## YOUR TASK
Using the records that appear below, write out exactly the lines from the one with "RANNA GILL Darla" through the one with "REACCIONO A LA", keeping both end lines.

## DATA FOR THIS TASK
============================================================
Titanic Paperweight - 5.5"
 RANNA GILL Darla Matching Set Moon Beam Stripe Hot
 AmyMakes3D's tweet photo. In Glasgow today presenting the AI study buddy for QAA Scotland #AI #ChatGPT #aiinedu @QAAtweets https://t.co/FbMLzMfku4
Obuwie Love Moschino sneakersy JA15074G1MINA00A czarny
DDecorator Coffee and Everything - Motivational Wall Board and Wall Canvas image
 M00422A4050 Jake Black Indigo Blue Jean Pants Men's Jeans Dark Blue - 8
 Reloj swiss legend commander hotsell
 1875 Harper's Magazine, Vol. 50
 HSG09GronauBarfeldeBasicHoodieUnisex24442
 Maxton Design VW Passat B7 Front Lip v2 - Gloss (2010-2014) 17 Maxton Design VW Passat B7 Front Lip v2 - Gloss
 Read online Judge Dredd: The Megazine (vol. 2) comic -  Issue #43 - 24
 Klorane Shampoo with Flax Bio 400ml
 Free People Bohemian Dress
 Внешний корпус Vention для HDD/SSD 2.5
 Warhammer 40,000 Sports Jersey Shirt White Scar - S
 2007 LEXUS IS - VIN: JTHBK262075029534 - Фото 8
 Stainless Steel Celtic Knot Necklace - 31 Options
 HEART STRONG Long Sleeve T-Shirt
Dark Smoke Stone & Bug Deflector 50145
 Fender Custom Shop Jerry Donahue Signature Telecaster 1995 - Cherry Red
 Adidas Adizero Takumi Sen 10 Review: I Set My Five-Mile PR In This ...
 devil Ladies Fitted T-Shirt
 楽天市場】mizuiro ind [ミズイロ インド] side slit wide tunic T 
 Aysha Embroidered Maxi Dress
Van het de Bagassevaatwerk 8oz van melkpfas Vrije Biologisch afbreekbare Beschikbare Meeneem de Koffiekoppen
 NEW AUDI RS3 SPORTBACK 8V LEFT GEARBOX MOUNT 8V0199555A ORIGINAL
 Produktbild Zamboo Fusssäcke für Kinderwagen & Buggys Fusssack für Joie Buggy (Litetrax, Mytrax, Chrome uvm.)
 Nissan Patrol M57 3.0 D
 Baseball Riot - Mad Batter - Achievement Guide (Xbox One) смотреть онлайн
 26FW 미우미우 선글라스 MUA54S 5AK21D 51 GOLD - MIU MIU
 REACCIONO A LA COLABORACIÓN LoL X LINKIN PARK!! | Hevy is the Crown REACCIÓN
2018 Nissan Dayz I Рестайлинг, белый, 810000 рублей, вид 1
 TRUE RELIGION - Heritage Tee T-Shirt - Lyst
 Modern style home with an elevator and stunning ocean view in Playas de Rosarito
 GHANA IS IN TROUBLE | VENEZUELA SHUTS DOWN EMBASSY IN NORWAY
============================================================
## ANSWER
 RANNA GILL Darla Matching Set Moon Beam Stripe Hot
 AmyMakes3D's tweet photo. In Glasgow today presenting the AI study buddy for QAA Scotland #AI #ChatGPT #aiinedu @QAAtweets https://t.co/FbMLzMfku4
Obuwie Love Moschino sneakersy JA15074G1MINA00A czarny
DDecorator Coffee and Everything - Motivational Wall Board and Wall Canvas image
 M00422A4050 Jake Black Indigo Blue Jean Pants Men's Jeans Dark Blue - 8
 Reloj swiss legend commander hotsell
 1875 Harper's Magazine, Vol. 50
 HSG09GronauBarfeldeBasicHoodieUnisex24442
 Maxton Design VW Passat B7 Front Lip v2 - Gloss (2010-2014) 17 Maxton Design VW Passat B7 Front Lip v2 - Gloss
 Read online Judge Dredd: The Megazine (vol. 2) comic -  Issue #43 - 24
 Klorane Shampoo with Flax Bio 400ml
 Free People Bohemian Dress
 Внешний корпус Vention для HDD/SSD 2.5
 Warhammer 40,000 Sports Jersey Shirt White Scar - S
 2007 LEXUS IS - VIN: JTHBK262075029534 - Фото 8
 Stainless Steel Celtic Knot Necklace - 31 Options
 HEART STRONG Long Sleeve T-Shirt
Dark Smoke Stone & Bug Deflector 50145
 Fender Custom Shop Jerry Donahue Signature Telecaster 1995 - Cherry Red
 Adidas Adizero Takumi Sen 10 Review: I Set My Five-Mile PR In This ...
 devil Ladies Fitted T-Shirt
 楽天市場】mizuiro ind [ミズイロ インド] side slit wide tunic T 
 Aysha Embroidered Maxi Dress
Van het de Bagassevaatwerk 8oz van melkpfas Vrije Biologisch afbreekbare Beschikbare Meeneem de Koffiekoppen
 NEW AUDI RS3 SPORTBACK 8V LEFT GEARBOX MOUNT 8V0199555A ORIGINAL
 Produktbild Zamboo Fusssäcke für Kinderwagen & Buggys Fusssack für Joie Buggy (Litetrax, Mytrax, Chrome uvm.)
 Nissan Patrol M57 3.0 D
 Baseball Riot - Mad Batter - Achievement Guide (Xbox One) смотреть онлайн
 26FW 미우미우 선글라스 MUA54S 5AK21D 51 GOLD - MIU MIU
 REACCIONO A LA COLABORACIÓN LoL X LINKIN PARK!! | Hevy is the Crown REACCIÓN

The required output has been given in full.